▶ [Task to carry out]:
Please, without the pictures, restate every entry exactly.

[Recorded data]

########

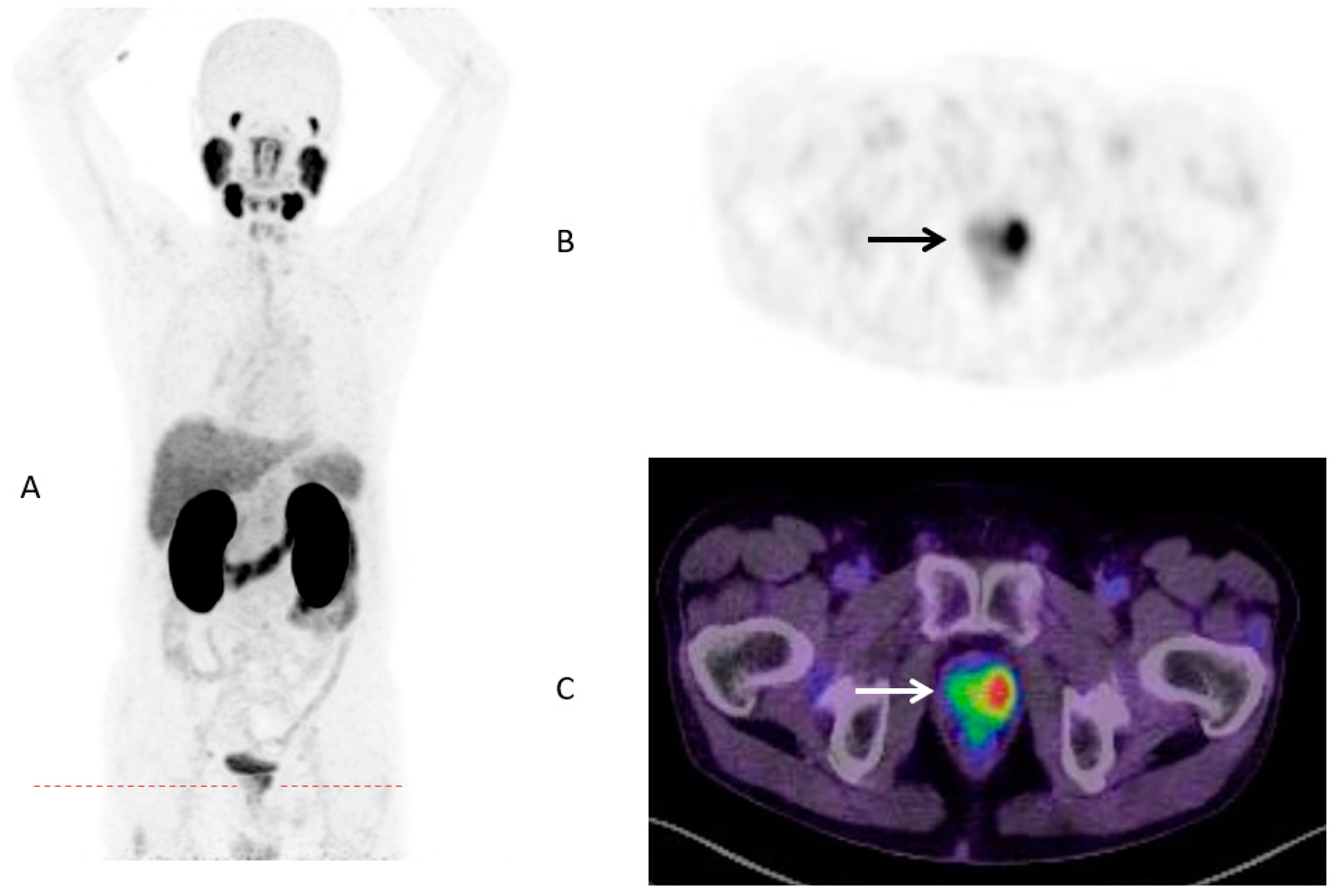 cancer prostate metastase os forum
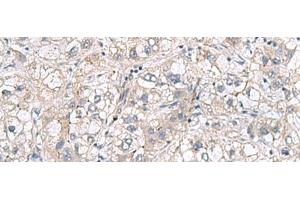 Immunohistochemistry of paraffin-embedded Human liver cancer tissue using RNF208 Polyclonal Antibody at dilution of 1:65(x200) (RNF208 抗体)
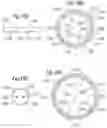 Fig. 19 - Method for converting an annuloplasty ring in vivo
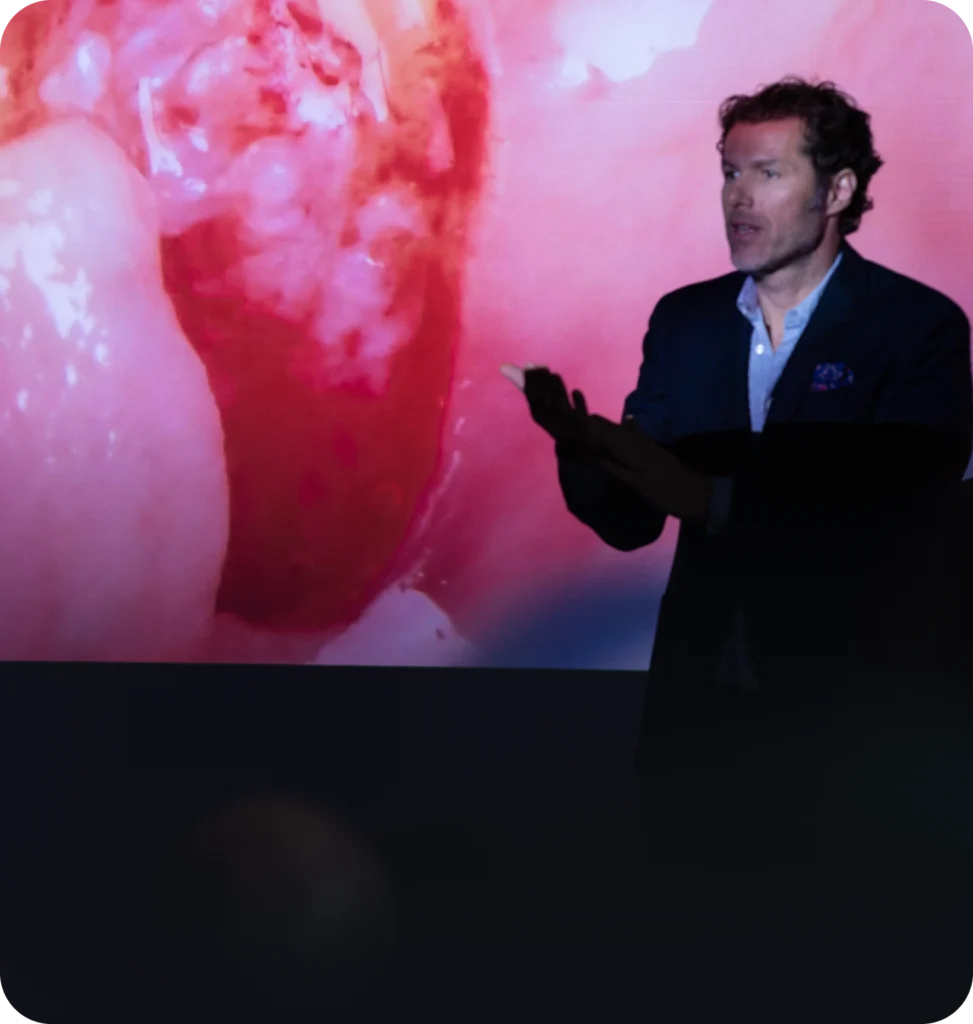 PRISM Masterclass — Reconstruction prévisible de la morphologie des tissus mous interproximaux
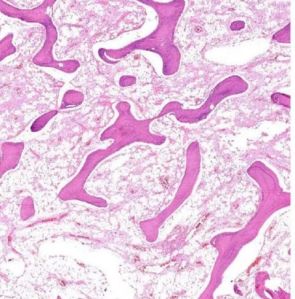 Cancellous Bone Prepared Histology Slide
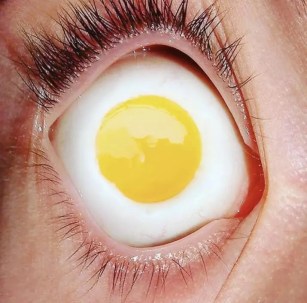 This eye is no yolk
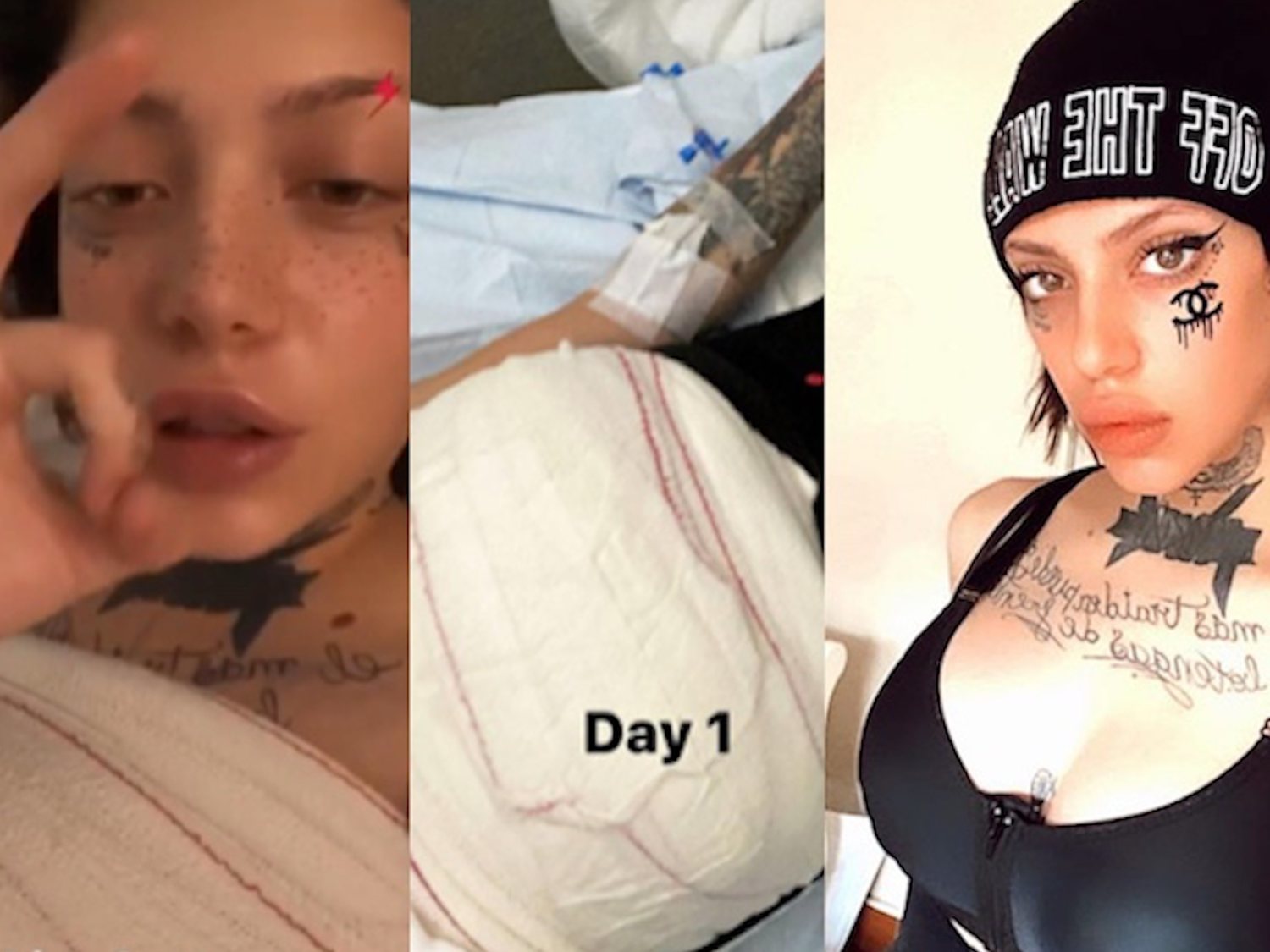 El brutal cambio físico de Valeria Quer a base de cirugías estéticas con solo 19 años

########

▶ [Solution]:
 cancer prostate metastase os forum
 Immunohistochemistry of paraffin-embedded Human liver cancer tissue using RNF208 Polyclonal Antibody at dilution of 1:65(x200) (RNF208 抗体)
 Fig. 19 - Method for converting an annuloplasty ring in vivo
 PRISM Masterclass — Reconstruction prévisible de la morphologie des tissus mous interproximaux
 Cancellous Bone Prepared Histology Slide
 This eye is no yolk
 El brutal cambio físico de Valeria Quer a base de cirugías estéticas con solo 19 años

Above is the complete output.